Start of The input

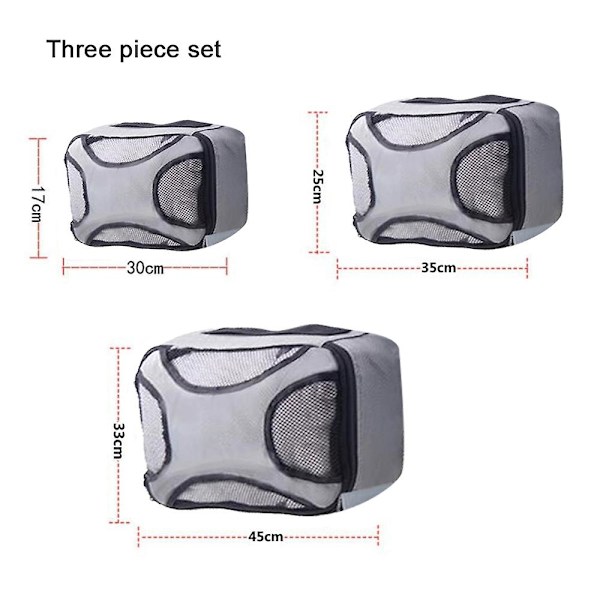 Compression Packing Cubes Bag til rejse Udvidelig pakkeboks gray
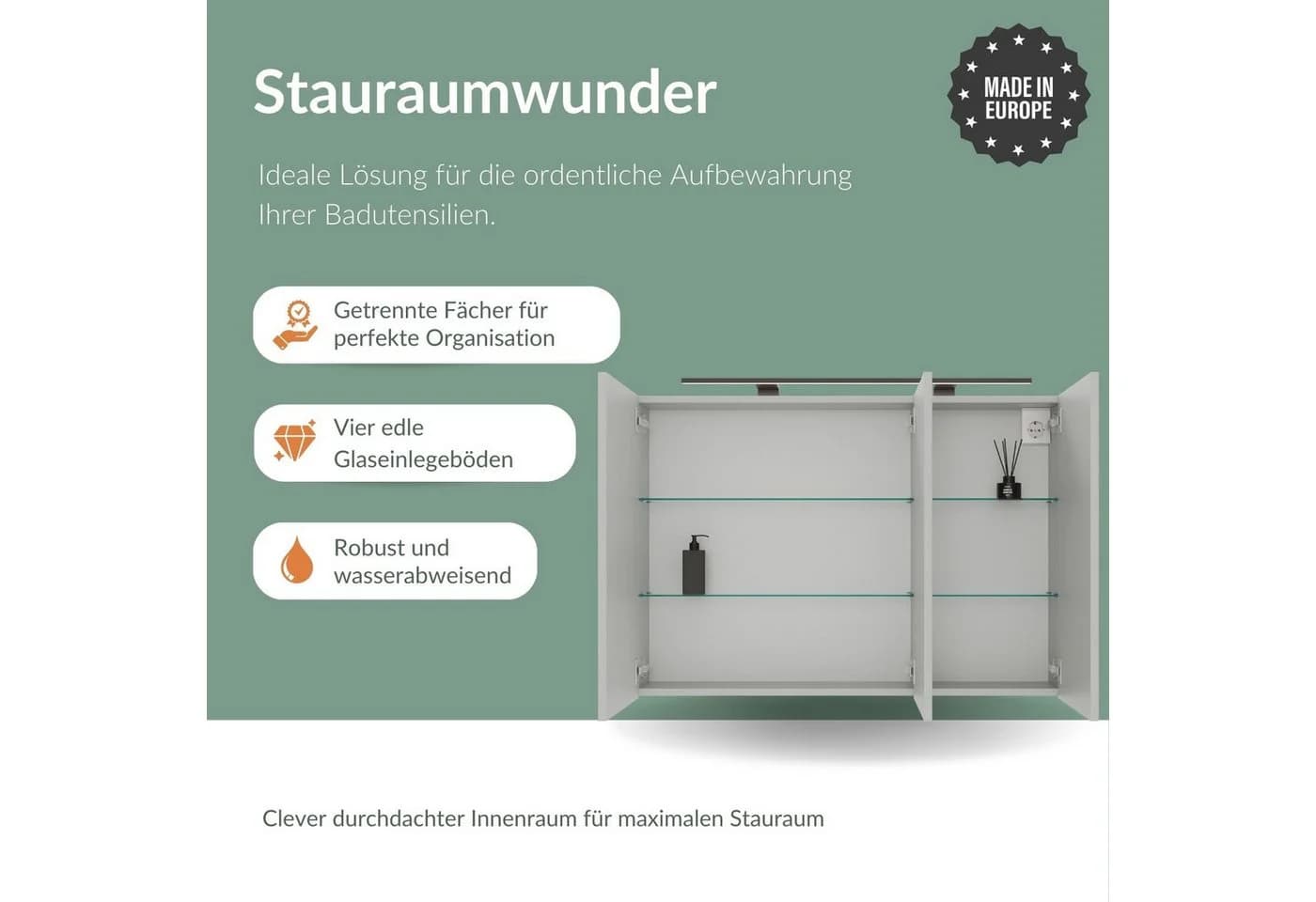Planetmöbel ARIA Spiegelschrank Weiß Grau mit Beleuchtung - Bild 3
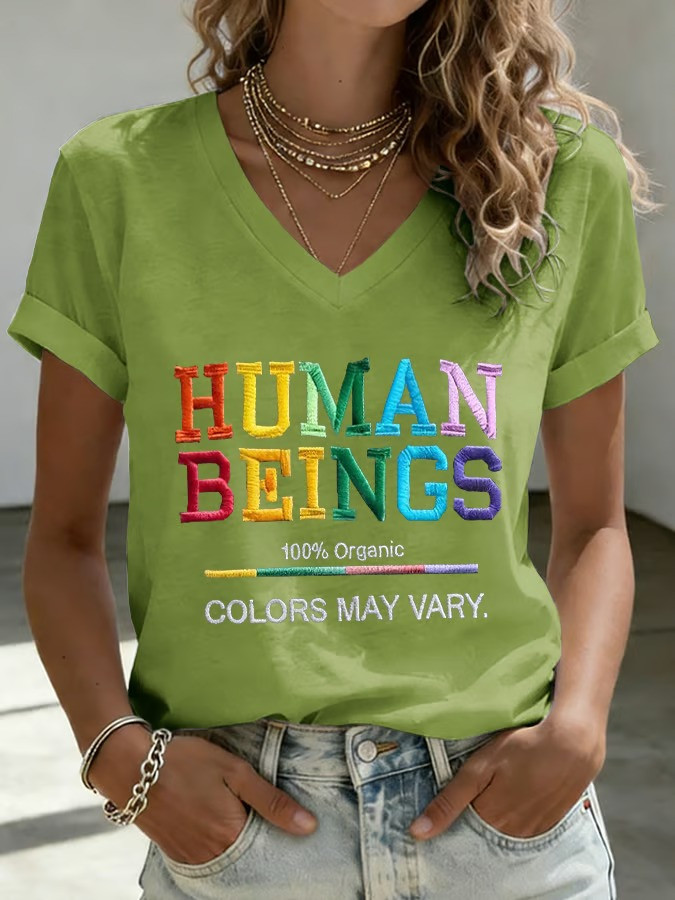 Human Beings 100 Organic Colors May Vary V-Neck Shirt LGBT Support Clothing Gift Ideas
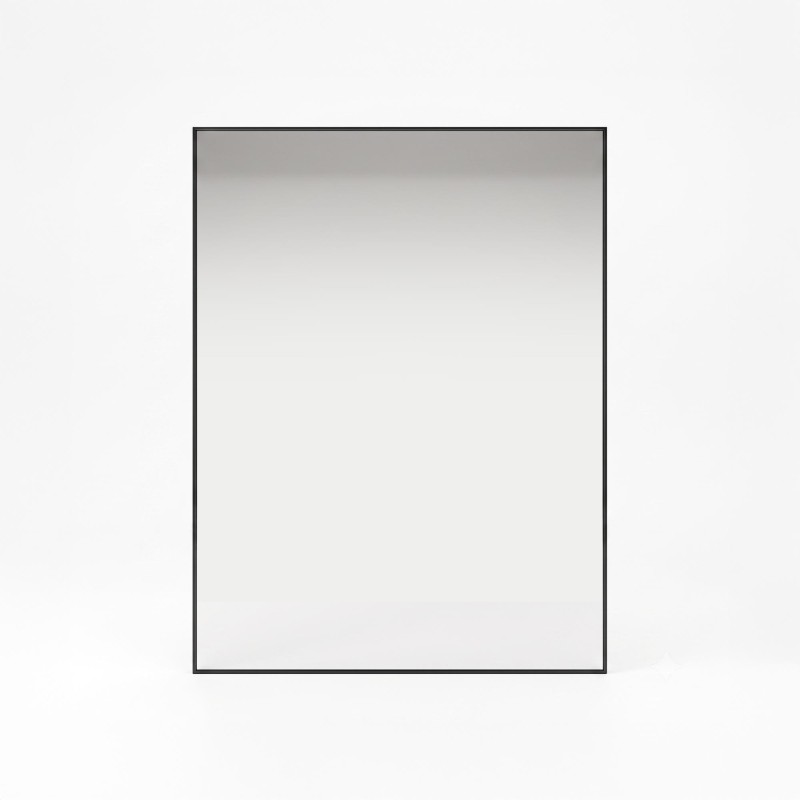 Rechteckiger Badezimmerspiegel mit schwarzem Metallrahmen 70 x 90 cm
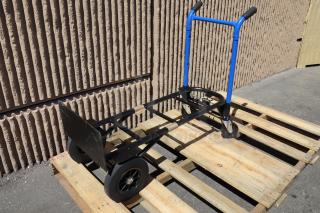 Brand new Harper DTC8635P hand truck, 4-in-1 design, dual handles, 900 lb capacity, 10" solid rubber wheels, slight scratches.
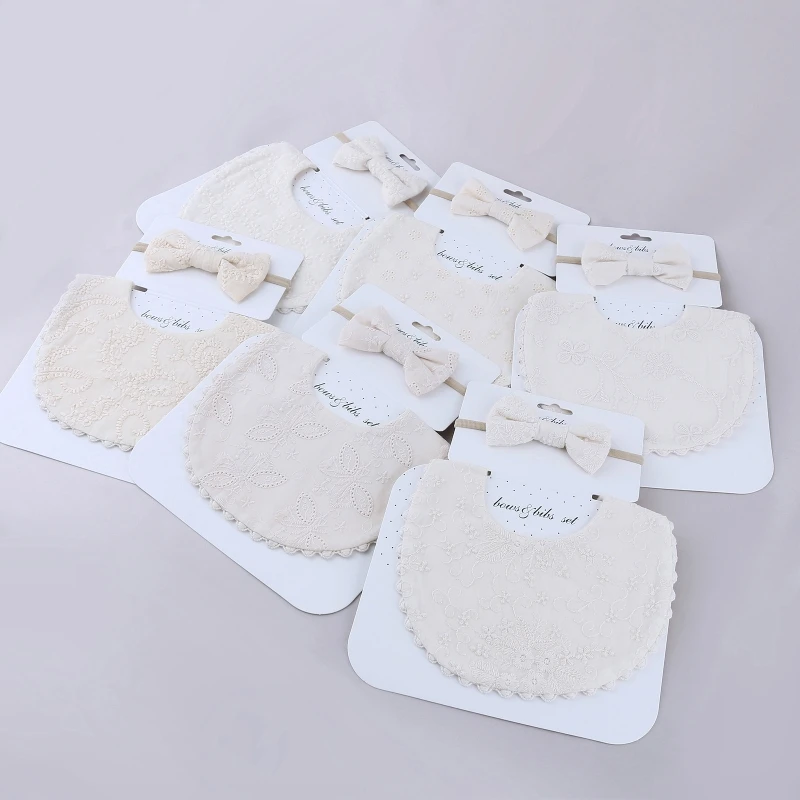 

Baby Bib Scarf Embroidery Printing Feeding Smock Bowknot Hair Band Set Saliva Towel Bandana Elastic Bows Headband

End of The input

Word for word, restate all of the material above except its pictures.

## Output of the task
 Compression Packing Cubes Bag til rejse Udvidelig pakkeboks gray
Planetmöbel ARIA Spiegelschrank Weiß Grau mit Beleuchtung - Bild 3
 Human Beings 100 Organic Colors May Vary V-Neck Shirt LGBT Support Clothing Gift Ideas
 Rechteckiger Badezimmerspiegel mit schwarzem Metallrahmen 70 x 90 cm
 Brand new Harper DTC8635P hand truck, 4-in-1 design, dual handles, 900 lb capacity, 10" solid rubber wheels, slight scratches.

Baby Bib Scarf Embroidery Printing Feeding Smock Bowknot Hair Band Set Saliva Towel Bandana Elastic Bows Headband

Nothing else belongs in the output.